3. Le contrôle gouvernemental de la production : programme agricole, rationnement du pétrole tel qu’il est pratiqué par la commission des chemins de fer du Texas.
4. Le contrôle des loyers, tel qu’il est encore pratiqué à New York et, plus généralement, les contrôles des prix et des salaires tels qu’ils ont été imposés durant et immédiatement après la Deuxième Guerre mondiale.
5. Les taux minimaux légaux des salaires ; ou les prix maximaux légaux : maximum légal des taux d’intérêt payé sur les dépôts à vue dans les banques commerciales, taux maximaux légaux payés sur l’épargne et les dépôts à terme.

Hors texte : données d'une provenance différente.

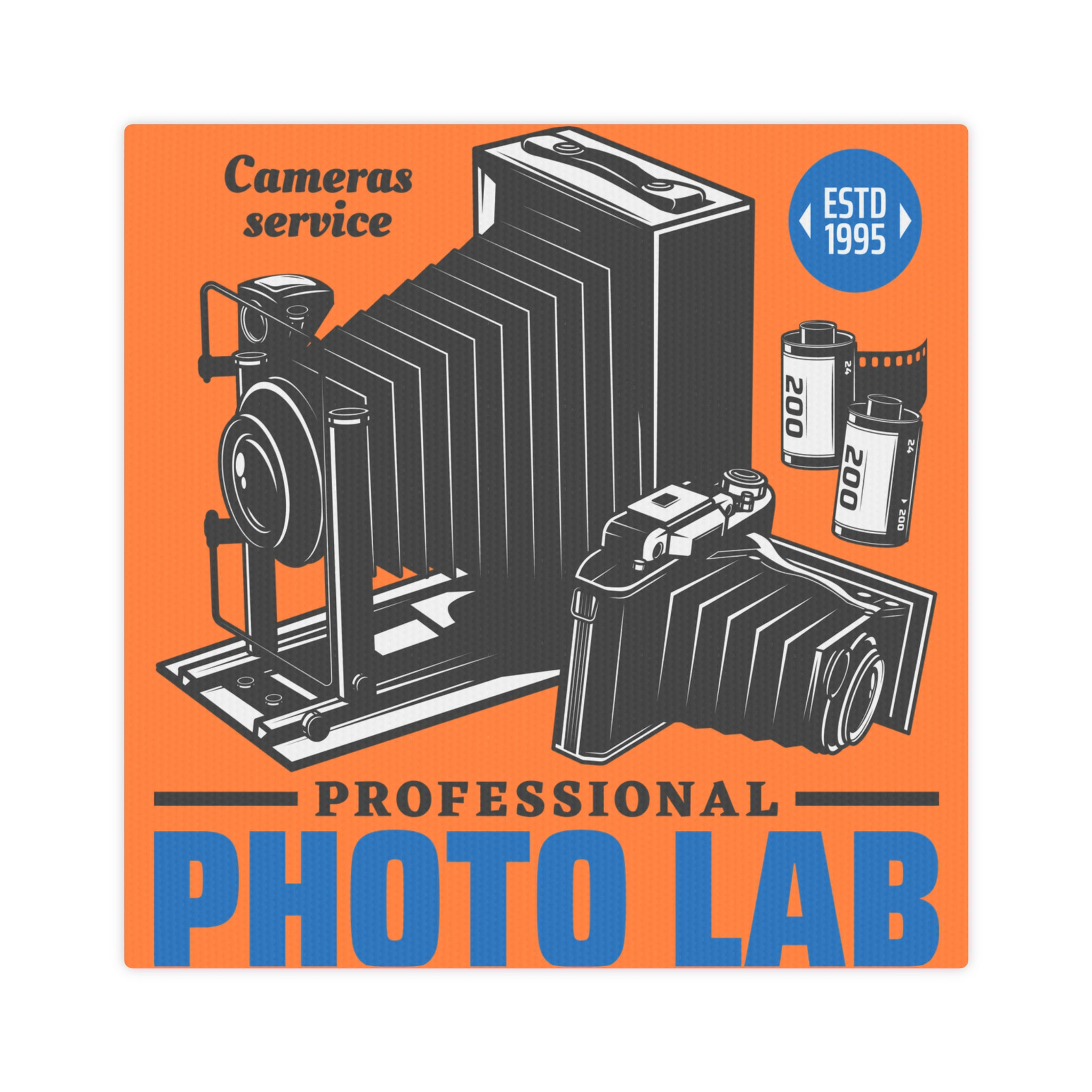 Professional Photo Lab Canvas Tile | Photography Decor, Vintage Camera Orange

6. La réglementation détaillée des industries, telle celle des banques, ou celle des transports par la Commission du commerce inter-États. Cette dernière réglementation, quand elle fut d’abord introduite, se justifiait, touchant les chemins de fer, pour des raisons de monopole technique ; elle n’a aujourd’hui aucune justification pour aucun moyen de transport.
7. Le contrôle de la radio et de la télévision par la Commission fédérale des communications. Cet exemple, analogue aux précédents, mérite cependant une mention spéciale car il suppose une censure implicite et la violation de la liberté de parole.
8. Les programmes actuels de sécurité sociale, en particulier les programmes de retraite, qui forcent en fait les gens : a) à consacrer une fraction spécifiée de leurs revenus à la constitution d’un fonds de retraite ; b) à s’adresser pour ce faire à une entreprise publique.
Le fait que dans divers États ou villes, l’exercice de certains métiers ou professions est réservé à ceux qui possèdent une autorisation, une licence ou une patente, cette autorisation étant tout autre chose que le simple reçu d’une taxe que doit payer celui qui veut se lancer dans telle ou telle activité.
9. La masse des programmes destinés à subventionner la construction de logements.
10. La conscription en temps de paix. Dans le cadre du marché libre, le dispositif indiqué est celui du volontariat. Rien ne justifie que l’on ne paye pas le prix nécessaire pour attirer le nombre nécessaire d’hommes. Les dispositions actuelles sont iniques et arbitraires ; elles violent gravement la liberté que devraient avoir les jeunes gens de mener leur vie comme ils l’entendent, et sont probablement plus coûteuses que celles que nous proposons. (La formation militaire universelle destinée à fournir une réserve pour le temps de guerre constitue un problème différent et peut se justifier à partir des positions du libéralisme.)
11. Les parcs nationaux (voir ci-dessus).
12. L’interdiction légale de tirer un bénéfice du transport du courrier.
13. Les routes à péage, lorsqu’elles sont propriété publique et sont administrées par les pouvoirs publics.
Cette liste est loin d’être exhaustive.